David Moodie's "backyard project" became the basis of the startup Foundry Lab after the Wellington-based industrial designer received a visit from WNT Ventures.
“WNT’s Laura Faulconer came down to see one of my clients and she had an hour to kill before her flight. She said, what else are you working on?” Moodie recalls.
That backyard project he showed Faulconer was a metal casting system that combines the ease of 3D-printing with the density of metal casting. Moodie wasn’t looking to raise money or go global with his invention.
But the due diligence process the team at WNT Ventures undertook on Moodie’s system revealed the huge cost savings and timesaving it could deliver manufacturers seeking to prototype metal products, allowing them to go from CAD design directly to production in a single day.
Foundry Lab was born in 2018 and quickly joined WNT’s deep tech incubator. The $150,000 injection of capital from WNT and $450,000 repayable grant from Callaghan Innovation allowed Moodie to further develop his own prototype of the Foundry Lab system, while WNT advised him on how to find potential customers in the all-important US market.
“They took a huge risk when they came on. I had cast a few parts but not a full system. They saw the potential for the market even more than I did,” says Moodie.
“They were great listeners and were very fair and measured when I talked through what I had in mind.”
A $35,000 pre-incubation grant allowed WNT to go deep on exploring the viability and market potential of Moodie’s technology.
“We are an active investor,” says WNT Ventures Managing Partner Carl Jones, who has been on the Foundry Lab board since 2018.
"Finding a trusted partner really early on is critical to a lot of these companies and the founders, especially when they are a little bit less experienced. That’s the value we add."
Critical too was the technical expertise Foundry Lab was able to draw on within Callaghan Innovation’s scientific ranks.
"Callaghan just happened to have a powder ceramicist. We were able to develop something that was first in the world and is world-leading because we had access to people who really knew what they were doing," he says.
Interns funded through Callaghan Innovation-funded student grants have gone on to become employees at Foundry Lab, which raised money from Founders Fund & Promus Ventures in 2020, followed by a series A round in 2021 with funding from Blackbird, GD1 and Icehouse Ventures. Foundry Lab is now preparing its Series B funding round and has opened a demo facility in California.

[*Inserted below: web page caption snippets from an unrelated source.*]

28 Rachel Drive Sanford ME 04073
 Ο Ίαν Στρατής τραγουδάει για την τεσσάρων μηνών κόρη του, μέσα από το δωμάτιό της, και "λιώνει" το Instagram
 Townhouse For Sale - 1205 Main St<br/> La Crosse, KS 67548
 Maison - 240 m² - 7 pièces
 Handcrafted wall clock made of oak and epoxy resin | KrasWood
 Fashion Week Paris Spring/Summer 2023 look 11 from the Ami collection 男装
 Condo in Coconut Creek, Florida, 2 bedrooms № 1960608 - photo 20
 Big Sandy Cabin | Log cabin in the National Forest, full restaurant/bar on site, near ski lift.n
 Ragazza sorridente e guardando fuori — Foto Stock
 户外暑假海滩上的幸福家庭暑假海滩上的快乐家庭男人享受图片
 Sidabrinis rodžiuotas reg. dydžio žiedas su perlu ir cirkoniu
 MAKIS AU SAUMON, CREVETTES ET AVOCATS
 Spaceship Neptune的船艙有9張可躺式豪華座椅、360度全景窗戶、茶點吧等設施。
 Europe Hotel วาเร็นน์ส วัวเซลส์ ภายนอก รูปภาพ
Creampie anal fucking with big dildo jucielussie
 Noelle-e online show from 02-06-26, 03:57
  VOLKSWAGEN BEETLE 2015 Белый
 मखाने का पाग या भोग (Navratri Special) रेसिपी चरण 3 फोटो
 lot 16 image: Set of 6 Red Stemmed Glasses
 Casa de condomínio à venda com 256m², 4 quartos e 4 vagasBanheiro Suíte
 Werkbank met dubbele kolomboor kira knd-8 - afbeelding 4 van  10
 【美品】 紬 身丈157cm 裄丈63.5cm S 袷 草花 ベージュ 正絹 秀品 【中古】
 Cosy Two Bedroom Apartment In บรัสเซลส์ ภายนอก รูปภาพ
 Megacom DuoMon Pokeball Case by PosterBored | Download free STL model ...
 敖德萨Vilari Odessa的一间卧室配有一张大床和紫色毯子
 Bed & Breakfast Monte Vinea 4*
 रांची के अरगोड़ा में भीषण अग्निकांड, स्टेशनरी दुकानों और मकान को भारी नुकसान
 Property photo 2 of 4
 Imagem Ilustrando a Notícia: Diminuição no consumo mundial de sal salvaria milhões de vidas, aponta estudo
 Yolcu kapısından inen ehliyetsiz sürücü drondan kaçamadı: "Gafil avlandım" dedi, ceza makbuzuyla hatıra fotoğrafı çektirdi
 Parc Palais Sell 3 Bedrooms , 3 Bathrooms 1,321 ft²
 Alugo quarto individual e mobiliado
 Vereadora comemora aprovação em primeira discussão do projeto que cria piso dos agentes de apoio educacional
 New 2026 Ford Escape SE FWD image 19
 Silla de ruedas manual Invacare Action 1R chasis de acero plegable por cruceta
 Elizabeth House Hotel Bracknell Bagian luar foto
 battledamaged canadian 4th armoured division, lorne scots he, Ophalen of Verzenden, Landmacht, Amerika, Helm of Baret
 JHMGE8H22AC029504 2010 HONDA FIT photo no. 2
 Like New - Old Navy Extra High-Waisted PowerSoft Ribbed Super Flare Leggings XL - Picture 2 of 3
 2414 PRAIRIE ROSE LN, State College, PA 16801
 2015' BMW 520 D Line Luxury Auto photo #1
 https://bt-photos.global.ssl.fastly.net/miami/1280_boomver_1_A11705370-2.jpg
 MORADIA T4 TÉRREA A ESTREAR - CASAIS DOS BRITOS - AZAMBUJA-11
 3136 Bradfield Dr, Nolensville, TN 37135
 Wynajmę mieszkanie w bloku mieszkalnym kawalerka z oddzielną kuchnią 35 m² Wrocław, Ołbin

"We’ve gone full circle at Foundry Lab after getting access to capital and machinery from Callaghan. We’ve now developed our own sophisticated machinery, employed 31 people and are about to raise more capital. It shows the economic impact of that early support,” says Moodie.
Having access to that extra capital was the difference between sinking and swimming... We wouldn't have got anywhere without it.
- Daivd Moodie Foundry Lab
Over the last decade, we've built deeper technical and funding pathways offshore, and a deeper pool of founders who have been there and done it, and can recycle themselves back into helping each other.